İstanbul Büyükşehir Belediyesi’ne ait Taksim'deki Atatürk Kitaplığı özellikle merkezi konumu nedeniyle öğrencilerin akınına uğruyor. Ancak gelen öğrenciler yer darlığı nedeniyle içeri girebilmek için saatlerce kuyrukta bekliyor. Etrafında 4 büyük AVM ve yüzlerce mağaza olmasına karşın Taksim gibi merkezi bir yere yeni bir kütüphane yapılmaması veya mevcut kütüphanenin şartlarının iyileştirilmemesi öğrencilerin tepkisini çekiyor.
Siktiret kütüphaneyi cami yapın cami, memlekete mal lâzım.
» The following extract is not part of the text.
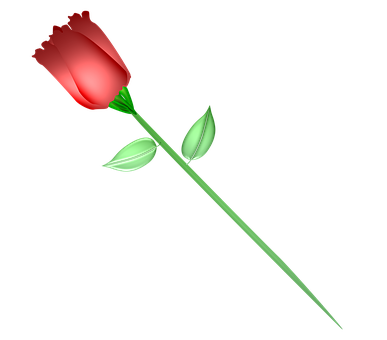 Single Red Rose Black Background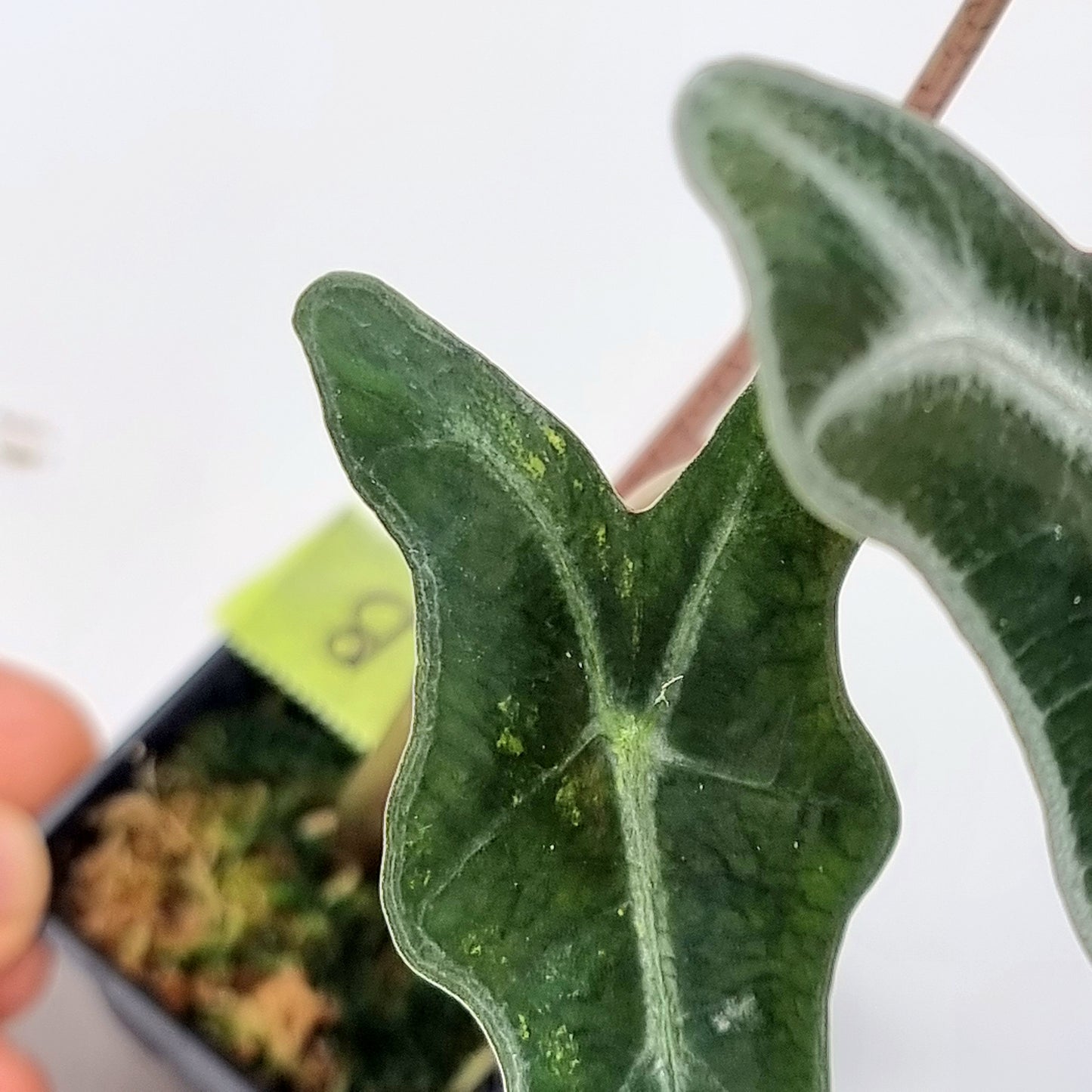 Alocasia sanderiana "Nobilis" Aurea LOW Variegated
Haberin özeti çalışacak alanın küçüklüğü sanırım. Fakat Kütüphaneler ders çalışma alanları değildir. Araştırma veya kitap alışverişi yapma vs. gibi mekanlardır. Kim bilir kaç kişi kitap alışverişinde bulunmaktan veya araştırma yapmaktan, ders çalışan insanları rahatsız ederim düşüncesiyle vazgeçmiştir. Bu alanları birer etüt merkezi gibi kullanmaktan vazgeçtiğimiz zaman bu tip şeylerden şikayet edilmeyeceğini göreceğiz. O yüzden kütüphane mi çalışacak alan mı istediğimize karar vermeliyiz.
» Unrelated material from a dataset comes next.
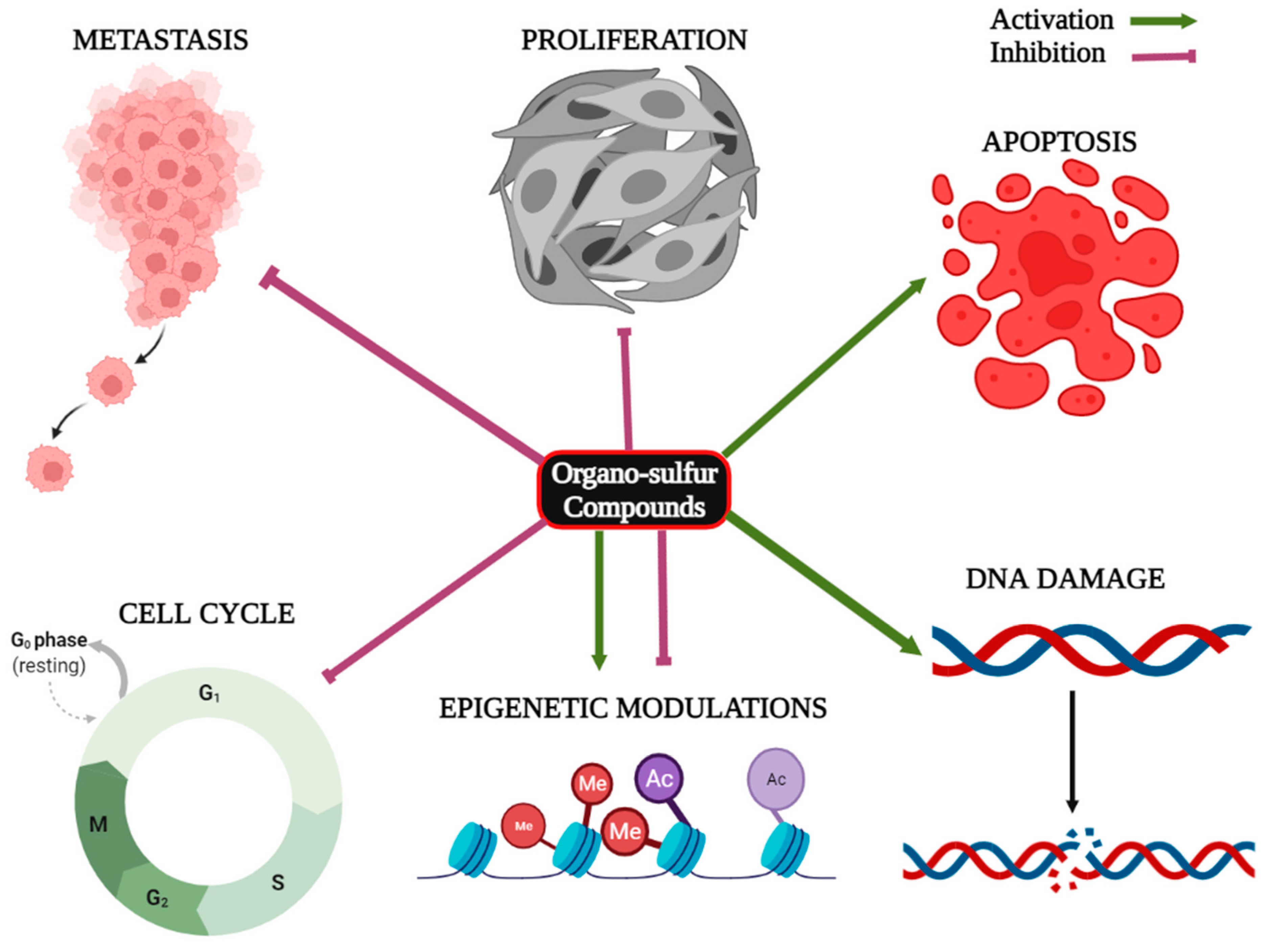 Cancers 15 00697 g003 Cancers 15 00697 g003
Eksiklik varsa var öyle mutlu oldum ki bir kütüphanenin bu kadar dolup taştığını duyunca. Güzel bir gençlik yetişiyor. Geçtiğimiz günlerde 18 Mart Üniversitesin de okuyan kardeşimi ziyarete Çanakkale'ye gittim. Okulun anlata anlata bitiremediği meşhur kütüphanesine de uğradım. Devasa boyutlarda, boğaza bakıyor, harıl harıl çalışan öğrencilerle tıka basa dolu ama o kalabalığa rağmen öyle bir sessizlik varki yere saçın düşse sesi duyulacak. Çok sık olmuyor 'Keşke Atatürk yaşasaydı da şu manzarayı görseydi' dediğim.